Inspired by multiscale analysis, this study develops a multiscale analysis framework based on EEMD [31] and a fine-to-coarse reconstruction algorithm [22] to explore the behavioral mechanism of house prices in Beijing. In particular, we reexamine the periodicity and nonlinearity of and the effects of regulations on house prices from a multiscale perspective. Furthermore, we propose an EEMD-based hybrid approach to perform short-term forecasting of house prices in Beijing. The monthly price of a house in Beijing from January 2005 to November 2018 is used as experimental data for the purpose of validation. In this multiscale analysis paradigm, the original house price series is first decomposed using EEMD, which is a substantial improvement over the original EMD, into several IMFs and a residual. Then, we employ the fine-to-coarse reconstruction algorithm to compose the IMFs obtained and residual into high-frequency, low-frequency, and trend components, which have their own economic meaning. Specifically, the economic meaning of these three components is identified as short-term fluctuations originating from normal market disequilibrium of supply and demand, the effects of extreme events, such as a financial crisis and the release of regulations, and a long-term trend, respectively. By doing so, we can examine the characteristics and underlying rules of house prices. From the perspective of multiscale analysis, we further propose a four-step modeling framework, integrating EEMD, fine-to-coarse reconstruction algorithm, autoregressive integrated moving average (ARIMA), polynomial function, and support vector regression (SVR), for forecasting short-term house prices.

The rest of this paper is organized as follows. Section 2 explains the EEMD, fine-to-coarse reconstruction algorithm, and the proposed EEMD-based hybrid perdition model. Section 3 introduces the datasets used. Section 4 details and discusses our decomposition results. Finally, Section 5 concludes the paper.

2. Theoretical Background and Methodologies

2.1. Ensemble Empirical Mode Decomposition (EEMD)

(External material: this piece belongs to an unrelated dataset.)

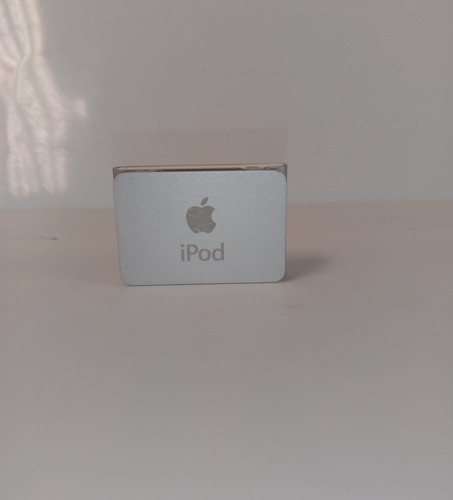 Ipod Shuffle (2a Generación) Plateado (Usado)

Ensemble empirical mode decomposition (EEMD) was proposed by Wu and Huang [31] recently to solve the mode mixing problem existing in the original empirical mode decomposition (EMD) by adding white noise. First of all, a mixed mode is defined as consisting of a single “intrinsic-mode function (IMF)” that comprises either signals of widely disparate scales or a single similar scale in different IMF components [31]. Adding white noise to the original house price series can significantly limit the problem of a mixed mode in the original EMD method. EEMD is based on the insight gleaned from recent studies of the statistical properties of white noise (Flandrin et al., 2004; [31]), which showed that the EMD is effectively an adaptive dyadic filter bank when applied to white noise. As explained by Wu and Huang [31], the principle of the EEMD is as follows: the added white noise populates the entire time-frequency space uniformly with constituent components of different scales. Because the noise in each trial is different, it is canceled out in the ensemble mean of enough trials. The ensemble mean is treated as the true answer.

Huang et al. [30] used the term “intrinsic-mode function” because it represents the oscillation mode embedded in the data. The IMF in each cycle, defined by the zero crossings, involves only one mode of oscillation, with no complex riding waves allowed. Note that the time scale used in this study is the inverse of the frequency for time series in general. In EEMD, the smaller the time scale, the more “compressed” or higher frequency the IMFs. Conversely, the larger the time scale, the more “stretched” or lower frequency the IMFs.

EEMD can decompose a complex time series into a set of IMFs as well as a residual, which reveals the oscillation mode embedded in the time series. Since the work of Wu and Huang [31], EEMD has been successfully used to analyze time series with complex nonlinearity and high irregularity in various areas. Theoretically, IMFs must meet the following two conditions: (1) the number of extremes and of zero crossings must be equal or must differ at most by one; (2) the time series must be symmetric with respect to local zero means.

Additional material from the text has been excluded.